Frank Sinatra’s ‘My Way’ Wasn’t as Big as His ‘Old MacDonald’
Frank Sinatra’s “My Way” has become of of the biggest standards in the history of music. Notably, it didn’t chart as highly as his cover of “Old MacDonald.” Regardless, Sinatra’s “My Way” changed Paul Anka’s career.
Frank Sinatra’s ‘My Way’ was overshadowed by many of his other 1960s songs at 1st
While “My Way” is possibly Sinatra’s most famous song today, it didn’t even hit the top 10 or the top 20! The tune peaked at No. 27 on the Billboard Hot 100, lasting on the chart for eight weeks.
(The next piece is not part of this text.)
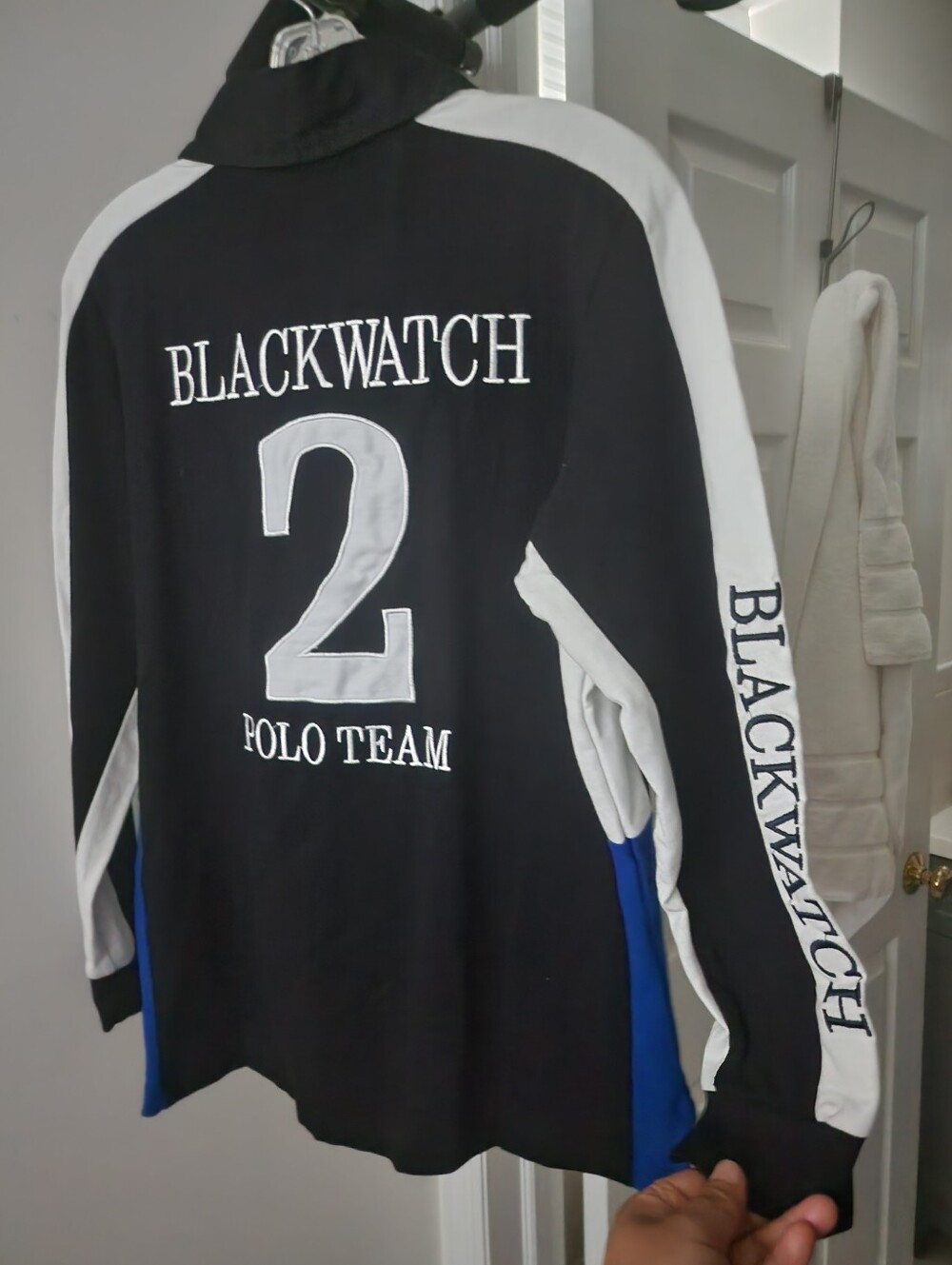 Black and Blue Long-Sleeve Light Polo with Gold Crest. XS-S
It was outperformed by “Somethin’ Stupid,” “That’s Life,” “Strangers in the Night,” and other 1960s Sinatra songs that get less airplay today.
It was even outperformed by Sinatra’s cover of “Old MacDonald,” which he gave the variant title “Ol’ McDonald.” That tune peaked at No. 25 on the Billboard Hot 100 and stayed on the chart for nine weeks. It just barely overshadowed “My Way” at the time. It’s incredible how the public’s tastes have changed since then.
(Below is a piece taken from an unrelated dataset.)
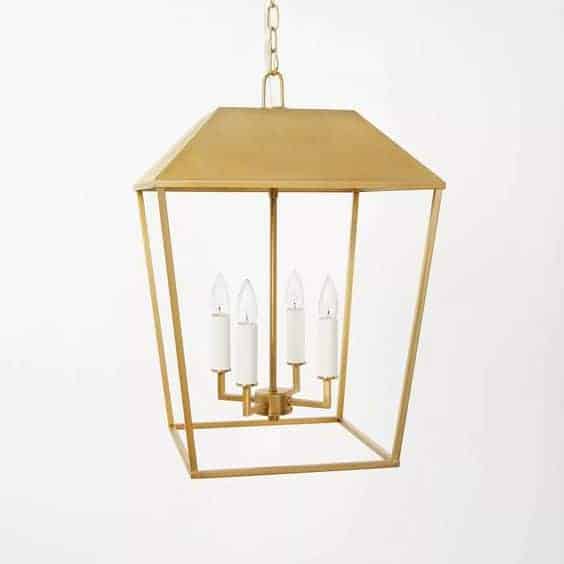 A brass lantern pendant against a white background, from Studio McGee for Target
Why Frank Sinatra covering ‘Old MacDonald’ was such a mistake
The 1960s saw the release of some of Sinatra’s biggest hits. Despite this, it also included a few missteps. One of those was “Ol’ Mcdonald.” Ol’ Blue Eyes was old-fashioned, but covering a centuries-old nursery rhyme was probably a little too old-fashioned. It also includes a lot of horrid lyrical changes, like making Old MacDonald’s “chick” a foxy lady.
More than that, it’s just embarrassing. “Old MacDonald” is a perfectly fine song for kiddies. However, it shouldn’t be recorded by adults who want to be taken seriously as artists. Sinatra’s version of “Old McDonald,” like Elvis Presley’s, will always remain a low points of his career.
Paul Anka said ‘My Way’ gave him a career ‘after the onslaught of The Beatles’
While “My Way” wasn’t huge, it was a boon for its lyricist: Paul Anka. Part of its success was that it inspired so many renditions. In his 2013 book My Way: An Autobiography, Anka discussed the impact of “My Way.” “I never really had any kind of premonition or design that it was going to be anything other than a song that Frank would want to sing,” he recalled. “I wasn’t thinking, ‘Oh, if I do this, it’ll become a standard.'”
“My Way” also impacted Anka as a writer. “‘My Way’ changed everything for me, for Frank, for our relationship,” he recalled. “Even though I’d written outside the teen genre in the themes I’d composed for The Longest Day and The Tonight Show, it was with ‘My Way’ that the second stage of my writing career began. And after the onslaught of The Beatles and [Bob] Dylan, I now had the luxury of writing a new kind of lyric. I could stretch out.
“Everything had opened up,” he said. “After that, I realized that I was going to be mature a whole lot longer than I was a teenager. Whenever Sinatra performed ‘My Way,’ he’d do a minute on how we met and how the song came about and how he felt about my writing, which was really nice.”
“My Way” lost the battle to “Ol’ Macdonald” but it won the war.